Pródigo
por DietrichGabrielle caminhava o mais rápido possível pelos corredores do castelo, os braços lotados de pergaminhos. Mais uma vez, os conselheiros tinham aparecido com solicitações de última hora, e exigido sua presença na reunião. Apesar do nervosismo em atender a demanda, o que estava realmente fazendo seu coração disparar era o fato de que veria Xena pela primeira vez depois do beijo que tinham trocado.
Já fazia quase uma semana do ocorrido e a imperatriz parecia ter escolhido desaparecer novamente. Gabrielle tinha esperado encontrá-la nos treinos, mas nada.
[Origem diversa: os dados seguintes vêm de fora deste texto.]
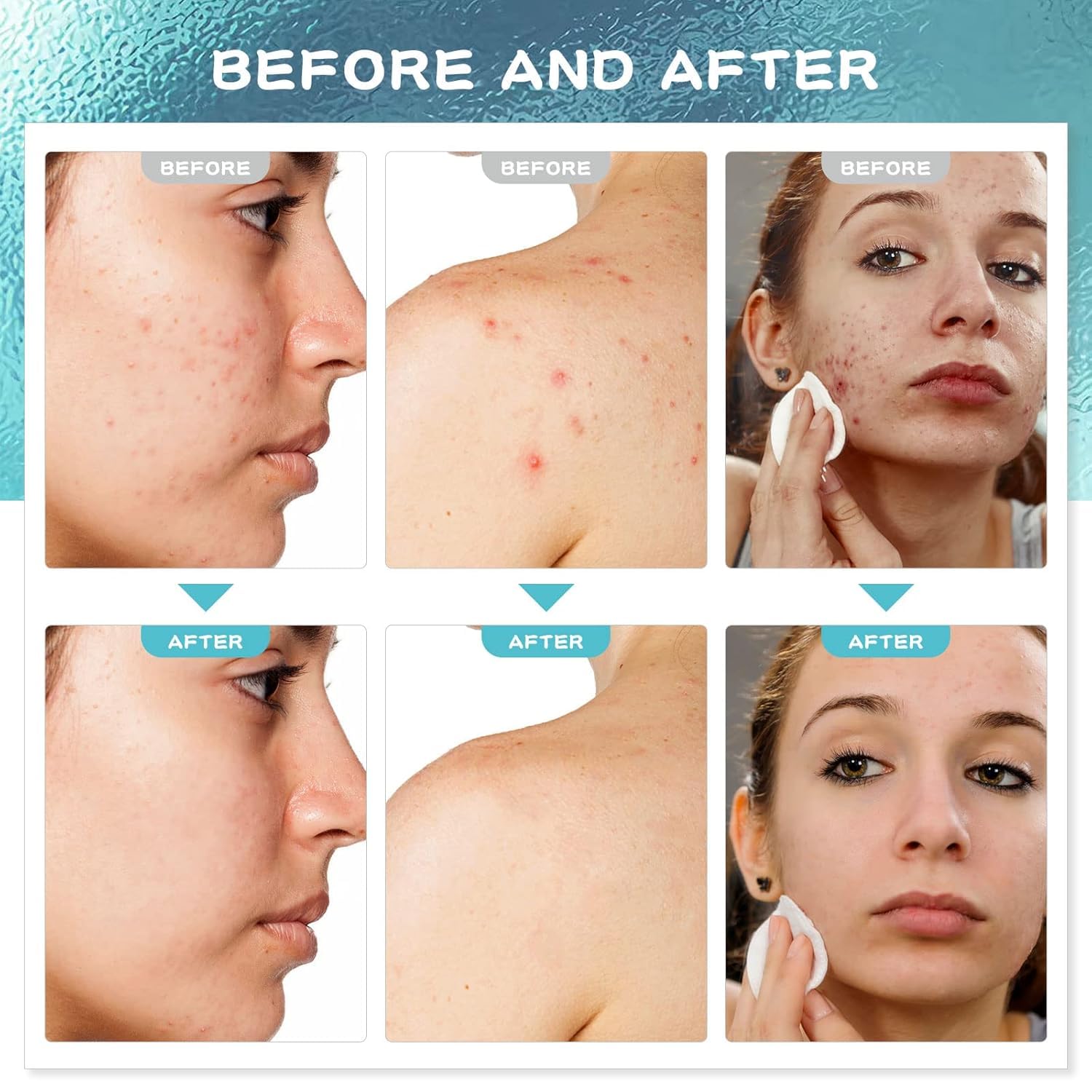 Paradise Emerald Acne Treatment for Face: Salicylic Acid Serum for Acne-Prone Men Women - Pimple Cream for Body Back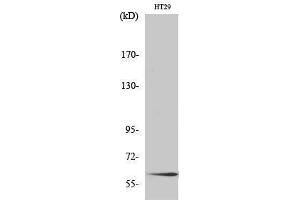 Western Blotting (WB) image for anti-SMAD, Mothers Against DPP Homolog 2 (SMAD2) (Ser795) antibody (ABIN3186984) (SMAD2 Antikörper  (Ser795))
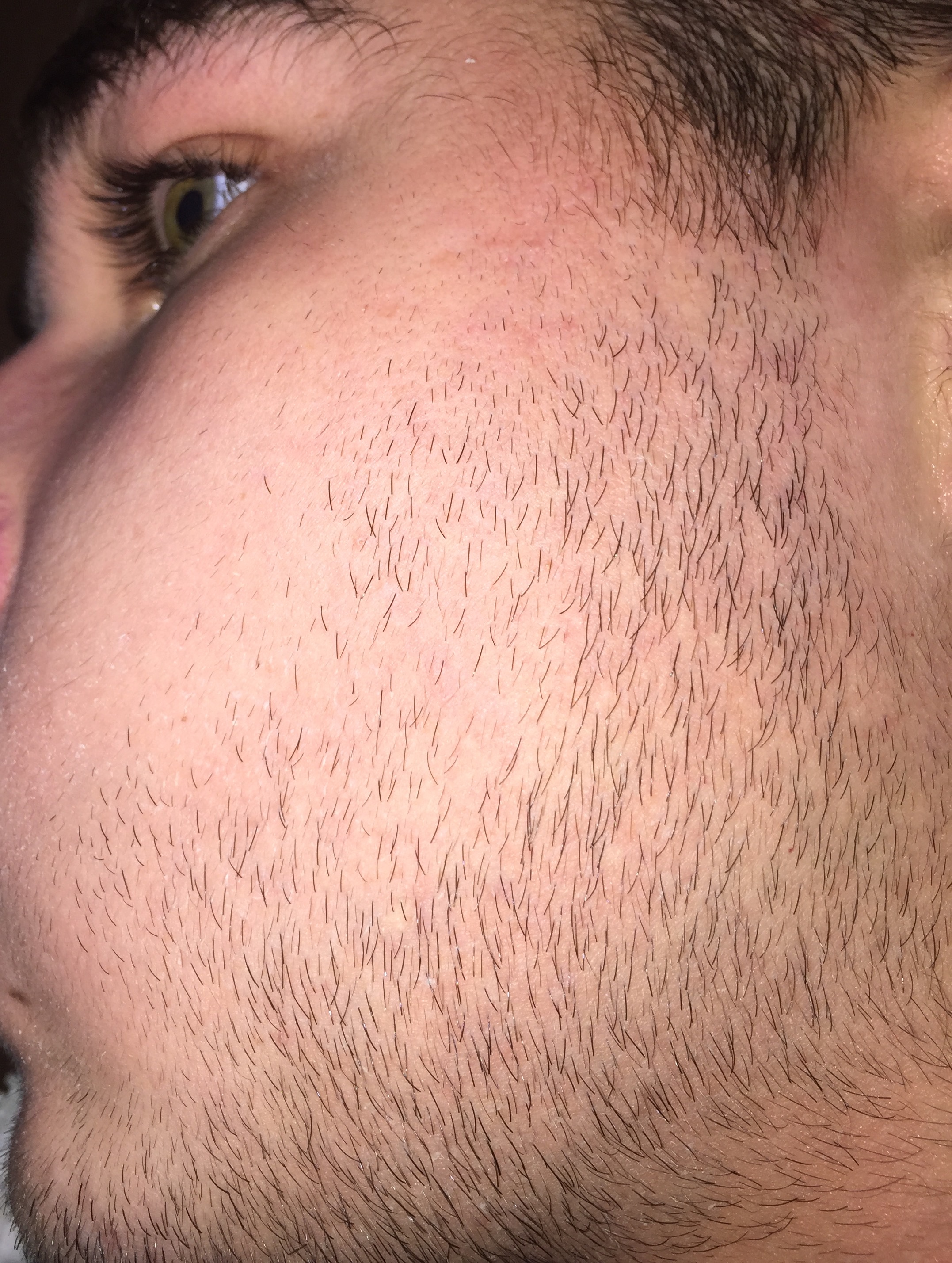 грудь у мужчин на бороде фото 102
Embora não soubesse exatamente o que tinha para dizer, sentia que precisavam conversar.
Entrou mais uma vez no enorme salão de pedra. Dessa vez, todos apenas lançaram-lhe um olhar casual, sua entrada no local já não era novidade. Menon imediatamente a convocou:
– Gabrielle, ainda bem que você chegou. Os tratados estão prontos?
Gabrielle assentiu, tentando concentrar-se no trabalho quando todo seu ser queria simplesmente olhar para Xena:
– Estão aqui – disse, estendendo um dos rolos para Menon – a versão final com as correções que discutimos.
Menon pegou o pergaminho, e sua expressão se tornou mais séria.
– Ótimo. E o relatório sobre a segurança das fronteiras? A situação se tornou mais crítica e é importante que a imperatriz tenha todos os detalhes para discutir com a delegação dos centauros.
– Já está aqui também – Gabrielle estendeu mais um rolo ao homem.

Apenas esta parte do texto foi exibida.